Lee Hsien Loong, le premier ministre de Singapour, a récemment prononcé un discours sur l’avenir de son pays, plus exactement il a annoncé le plan à suivre pour les prochaines 50 années. L’objectif affiché est de « bâtir une cité à taille humaine où il fait bon vivre avec des identités locales ». Si on reconnaît bien là les valeurs propre à Singapour, la nouveauté réside dans le fait qu’il s’agit là d’atteindre cet objectif grâce à l’ usage intensif des technologies. Singapour affiche l’ambition d’être la première smart city au monde, dans une démarche inclusive afin de préserver son héritage historique, culturelle et sa multiculturalité. Ainsi la complexité des enjeux encourage le gouvernement à faire appel à la méthode du design thinking, rappelant que « Singapore is a nation by design ».
Le design thinking est une méthode qui se veut une synthèse entre la pensée analytique et la pensée intuitive. Cette méthode s’appuie essentiellement sur un processus de co-créativité impliquant des retours permanents avec l’utilisateur final par itération. Ainsi le design thinking permet de détecter des besoins centrés sur les consommateurs ou usagers, et d’y répondre simplement grâce à un nouveau service, un produit etc. Le travail des adeptes du design thinking ne consiste donc pas à inventer une voiture plus rapide ou un clavier plus ergonomique mais il consiste à aider les gens à reformuler leurs besoins, dont ils ne sont souvent même pas conscients. Ce processus a été développé à Stanford dans les années 80 par Rolf Faste. Néanmoins sa popularité s’est faite dans les années 90 avec Tim Brown et David Kelley les fondateurs de l’entreprise IDEO, une des premières agences de design née en 1991 aux États-Unis.
Cette méthode, qui a fait ses preuves dans de nombreux cas complexes, correspond bien aux enjeux du projets de Singapour et l’exemple pris est celui du transport. Le transport et son réseau est en effet un aspect crucial dans la cité-état. Veillant à limiter le nombre de voitures individuelles pour cause de trafic intensif et de pollution, la réponse se trouve de fait dans une offre de transport public qui se doit d’être accessible et de grande qualité. Si a priori cette question semble être une question d’ingénierie urbaine (capacité, accessibilité, flexibilité…) elle est intimement liée aussi à des questions de coûts, d’opérateurs, d’usagers, c’est à dire au grand nombre de parties prenantes.

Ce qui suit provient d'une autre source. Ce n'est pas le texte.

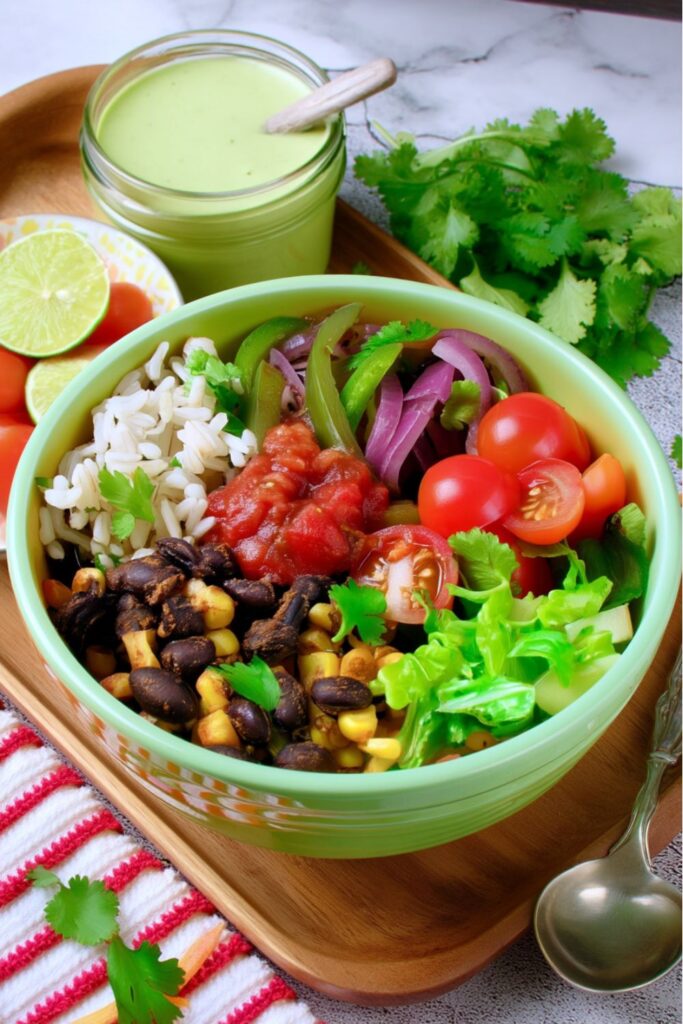 Veggie burrito bowl with rice, beans, corn, tomatoes, and cilantro dressing, nutritious cinco de mayo meal ideas.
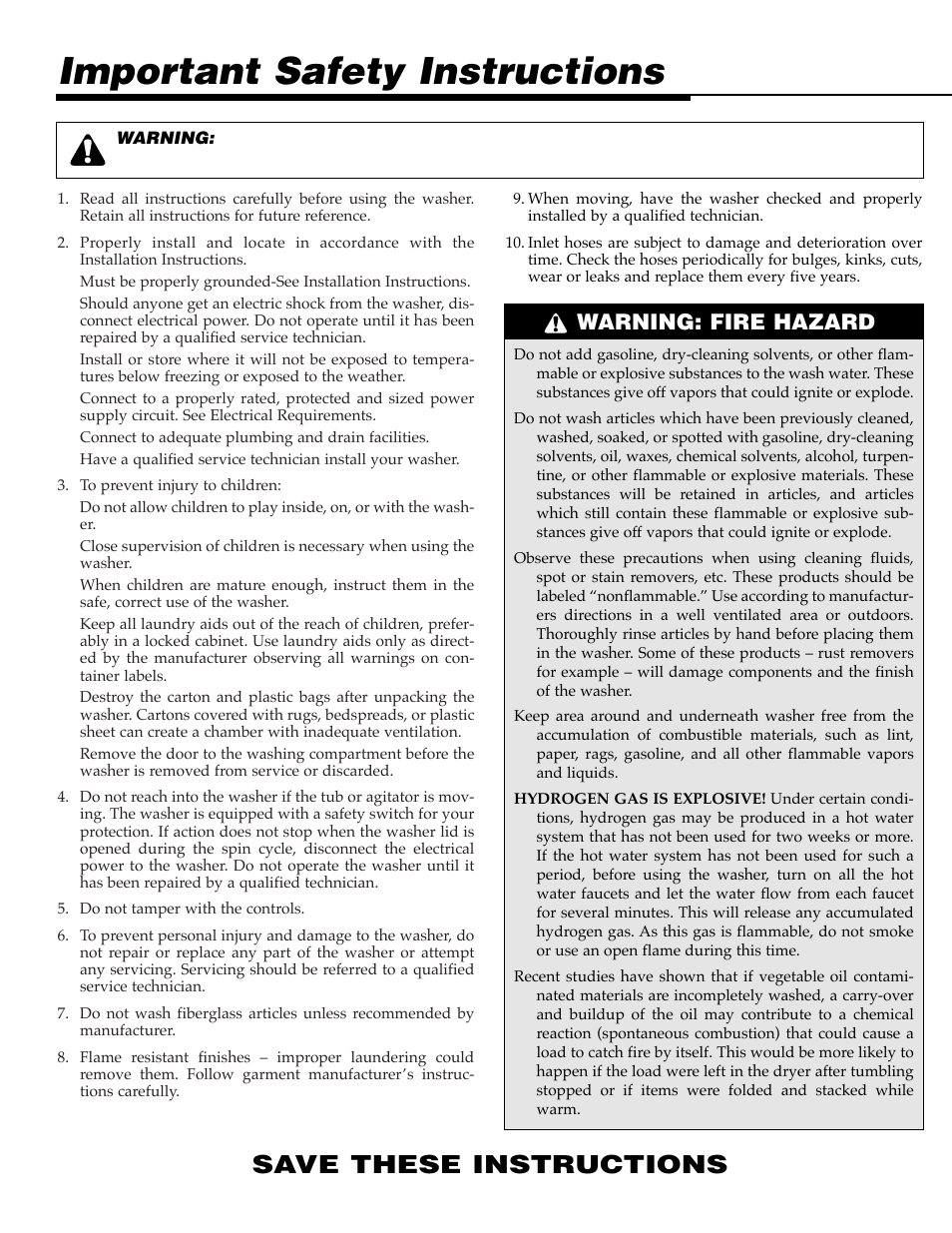 Important safety instructions, Save these instructions, Warning: fire hazard | NEC PAV-1 User Manual | Page 2 / 28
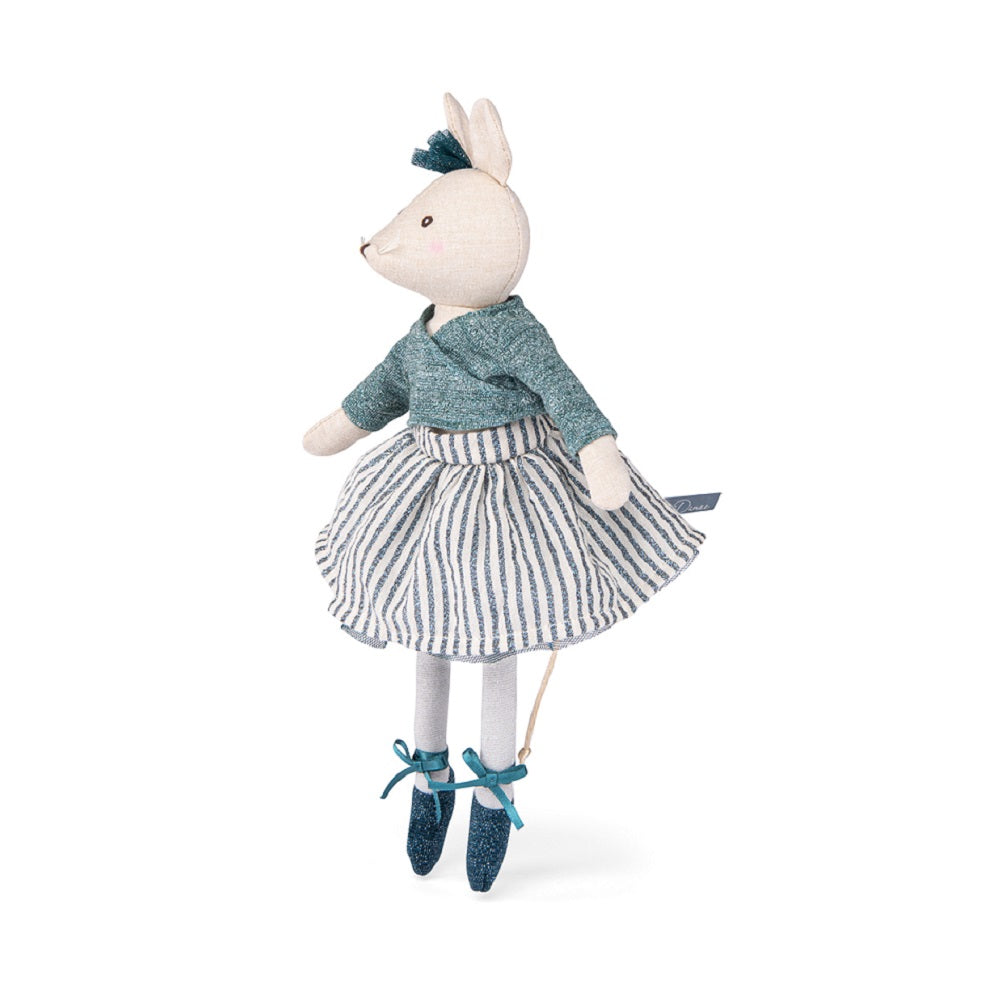 Soft and plush mouse doll Charlotte with a blue sweater and blue and white striped skirt.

Le premier ministre affirme ainsi que de nombreux problèmes doivent être considérés de manière holistique pour décider de ce qu’il y a de mieux pour Singapour ; et le design thinking a finalement toujours été une méthode utilisée dans l’histoire du pays car : « rien d’aujourd’hui n’a été fait de manière naturelle ou apparu spontanément, ni notre croissance économique, ni notre standing international, ni notre harmonie entre les ethnies ni même notre statut de nation…Certes les pères fondateurs de Singapour n’appelaient pas cela design thinking mais ils savaient comprendre les enjeux, définir les problèmes, faire jaillir des idées créatives, développer des prototypes et de manière constante revoir les solutions testées. »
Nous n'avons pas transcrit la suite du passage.